The engine is designed to combine deterministic information retrieval, source-backed context packs, typed tools, replaceable adapters, and agent/subagent orchestration without baking product identity, language-specific grammar, dictionary content, or scenario-specific products into the core.
The module is designed to provide foundations for:
- project-scoped source and artifact memory;
- deterministic indexing with manifests and incremental updates;
- hybrid retrieval over dense vectors, sparse/keyword indexes, exact matching, morphology-aware lexical paths, graph traversal, source filters, recency, and tool outputs;
- language-neutral contracts for tokens, lemmas, lexemes, wordforms, morphology features, analyses, and query expansion;
- lexicographic contracts for senses, concepts, attestations, variants, registers, regions, time periods, and lexicon sources;
- focus policies that keep retrieval and context packing scoped to the current task;
- replayable
ContextPackobjects for model calls, tools, and subagents; - typed tool registration with permissions, risk levels, and structured results;
- foreground and background
AgentRuntraces; - verification and evaluation loops for retrieval quality and factuality;
- adapter boundaries for LLMs, embeddings, rerankers, vector stores, metadata stores, artifact stores, language analyzers, lexicon resources, crawlers, and product integrations.
Nearest work follows .project/progress.md plan chunks:
| Phase | Status | Goal |
|---|---|---|
| 0 — Architecture baseline | ADRs accepted (Chunk 01) | Lock package, storage, index, trace, and adapter boundaries before broad code |
| 1 — Proof of concept | Chunks 02–12 pending | Prove ingest → retrieve → ContextPack → fake model/tool step → verifier → replayable trace |
Immediate next step: Chunk 02 — internal package skeleton, neutral domain
models, and interface-only ports with go test ./... and no external services.

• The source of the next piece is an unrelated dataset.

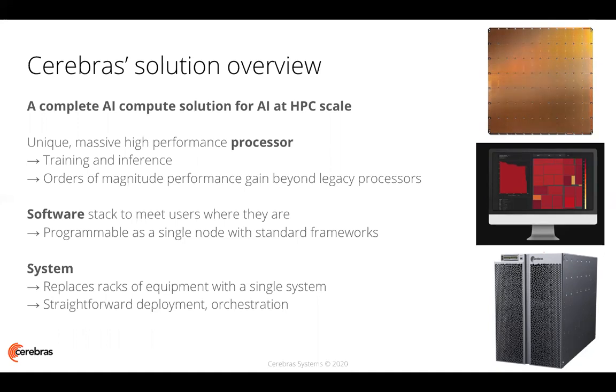The solution has three elements. One: a unique and massive high-performance processor that supports training and inference with orders of magnitude performance gain beyond existing systems. Two: a software stack designed from the ground up to meet users where they are, minimizing the number of changes we ask them to make, and allowing this device to be programmable as a single node with standard frameworks like TensorFlow and PyTorch used by data scientists and machine learning researchers today. Three: a system designed to seamlessly fit into modern research laboratory clusters or supercomputer scale facilities, replacing racks of equipment with a single server, straightforward to deploy based on existing standards and orchestrated with standard frameworks.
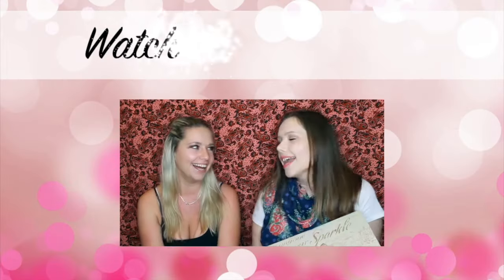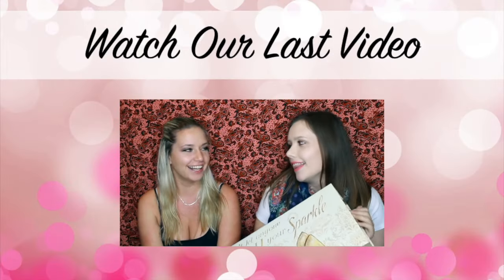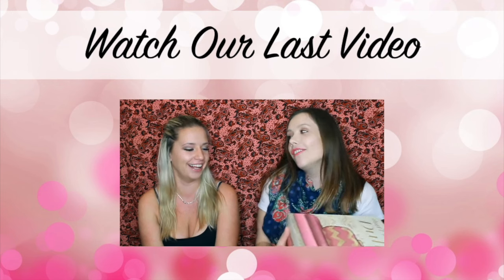That's it for my Ipsy bag! If you guys want to get your own Ipsy bag, I will link all the information down below. If you love Ipsy, make sure you give me a thumbs up and hit that subscribe button. Thanks for watching, bye!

Before or during Chunk 02, add follow-up ADRs for multilingual linguistic
contracts and lexicographic context contracts so domain types such as
TokenOccurrence, MorphAnalysis, Sense, and Attestation stay in core
without importing context-lang-* or dictionary adapters.
PoC storage progression (from accepted ADRs):
- Artifacts: local filesystem first; object storage later.
- Metadata: in-memory first; PostgreSQL when the live stack is introduced.
- Dense vectors:
VectorStoreport first; PostgreSQL + pgvector as the first live backend behind that port. - Sparse search: fake or PostgreSQL full-text baseline first; dedicated sparse
services such as
context-sparseonly when measurements justify them. - Models and language: fake deterministic providers and simple/no-op linguistic
fixtures first; real providers and
context-lang-*adapters after the CLI proof.
Downstream UX shells such as Lab may consume CLI JSON and proof artifacts.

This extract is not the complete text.